1,2Aidan J.Ross,1,2,3,4Hilary Downes,5Jason S.Herrin,6David W.Mittlefehldt,7Munir Humayun,2Caroline Smith
Geochemistry (Chemie der Erde) (In Press) Link to Article [https://doi.org/10.1016/j.chemer.2019.125539]
1UCL/Birkbeck Centre for Planetary Sciences, University College London, Gower St, London, WC1E 6BT, UK
2Dept. of Earth Sciences, Natural History Museum, Cromwell Rd, London, SW7 5BD, UK
3Dept. of Earth and Planetary Sciences, Birkbeck University of London, Malet St., London, WC1E 7HX, UK
4Lunar and Planetary Institute/USRA, 3600 Bay Area Blvd, Houston, TX 77058, USA
5Earth Observatory of Singapore & Facility for Analysis, Characterisation, Testing, and Simulation, Nanyang Technological University, 639798, Singapore
6Astromaterials Research Office, NASA Johnson Space Center, 2101 NASA Parkway, Houston, TX 77058, USA
7Department of Earth, Ocean and Atmospheric, Science & National High Magnetic Field Laboratory, Florida State University, 1800 E. Paul Dirac Drive, Tallahassee, FL 32310, USA
Ureilite meteorites contain iron silicide minerals including suessite (Fe,Ni)3Si, hapkeite (Fe2Si) and xifengite (Fe5Si3). Despite occurring mostly in brecciated varieties presumed to be derived from the regolith of the ureilite parent asteroid, suessite has also been confirmed in one lithology of a dimict ureilite (NWA 1241). In contrast, Si-bearing Fe-metals occur in both brecciated and unbrecciated ureilites, implying that they were formed throughout the ureilite parent asteroid. We examined major, minor and trace element data of Fe-metals in seven brecciated ureilites (DaG 319, DaG 999, DaG 1000, DaG 1023, DaG 1047, EET 83309, and EET 87720) in addition to the dimict ureilite NWA 1241.
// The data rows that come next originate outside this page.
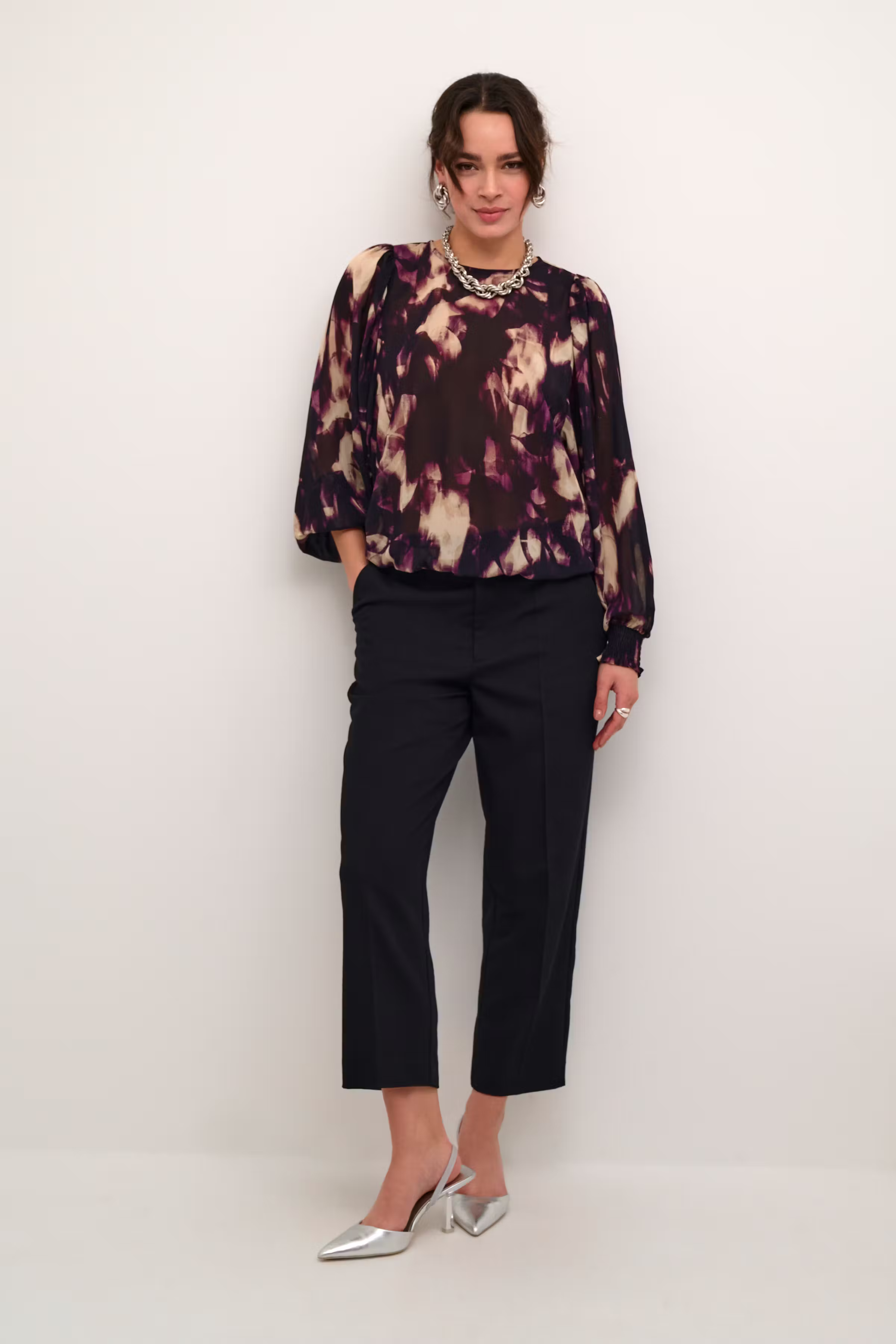 KAaska Blus LOOKBOOK FRONT 10509238-106600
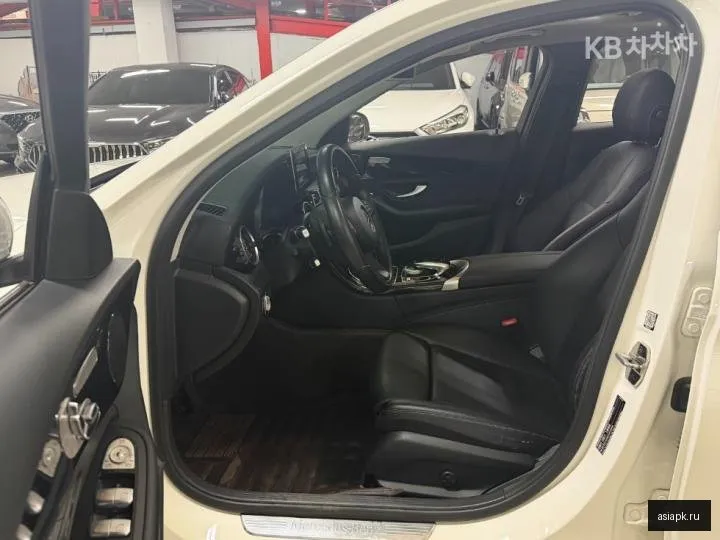 Mercedes-Benz C-Class 6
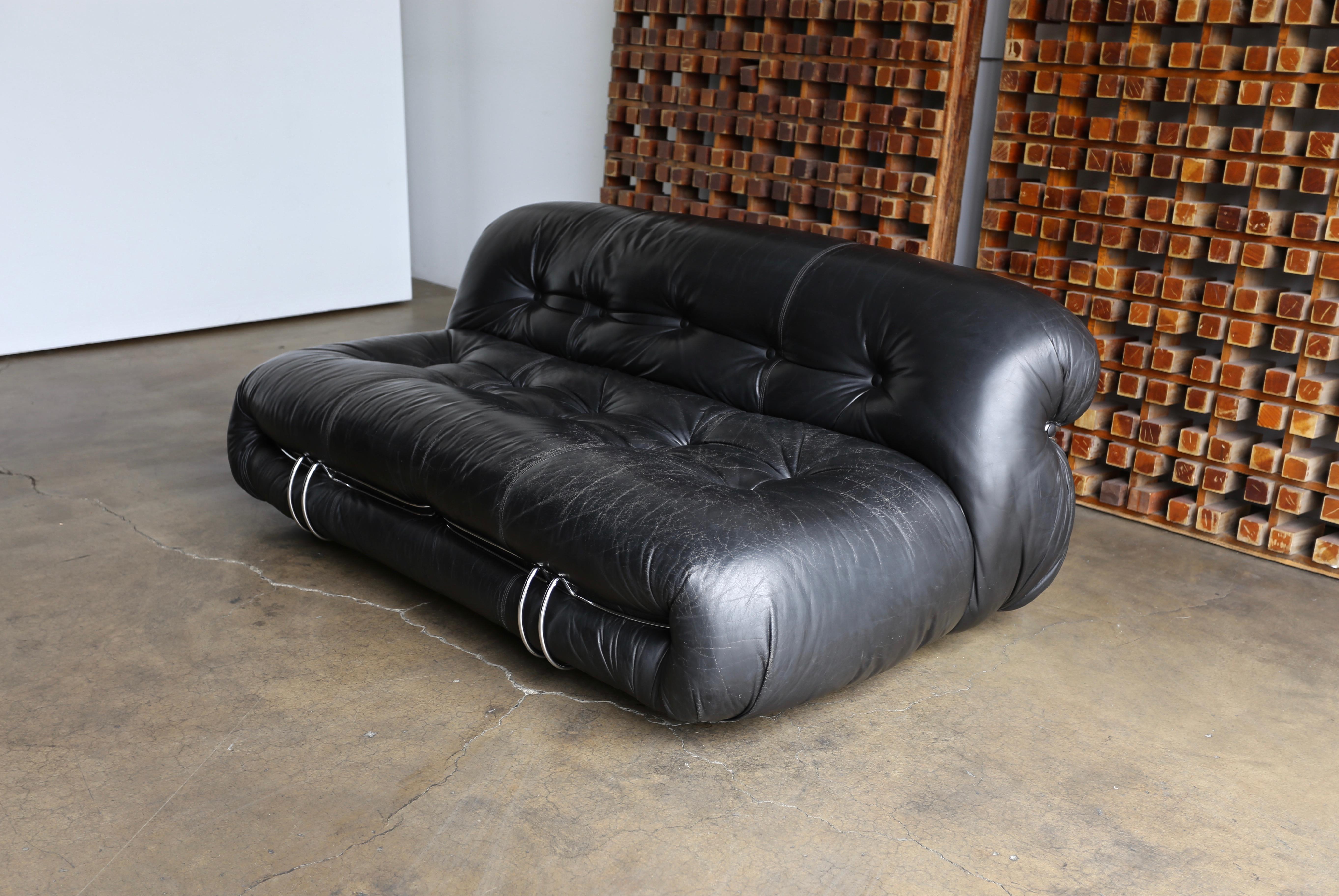 Soriana settee sofa by Afra & Tobia Scarpa for Cassina, circa 1975. Nice patina to the original black leather.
In this study we show that the silicides and Si-bearing metals in ureilites have similar siderophile trace element patterns; therefore, the precursors to the silicides were indigenous to the ureilite parent body. Si-free kamacite grains in brecciated ureilites show flatter, more chondritic siderophile element patterns. They may also be derived from the interior of the ureilite parent body, but some may be of exogenous origin (impactor debris), as are rare taenite grains.
On Earth, iron silicides are often formed under high-temperature and strongly reducing conditions (e.g. blast furnaces, lightning strikes). On the Moon, hapkeite (Fe2Si) and other silicides have been found in the regolith where they were formed by impact-induced space weathering. In the Stardust aerogel, iron silicides derived from comet Wild2 were also formed by an impact-related reduction process. Silicides in ureilite regolith breccias may have formed by similar processes but ureilites additionally contain abundant elemental carbon which probably acted as a reducing agent, thus larger and more abundant silicide grains were formed than in the lunar regolith or cometary material. The origin of suessite in NWA 1241 may be analogous to that of reduced lithologies in the terrestrial mantle, although a regolith origin may also be possible since this sample is shown here to be a dimict breccia.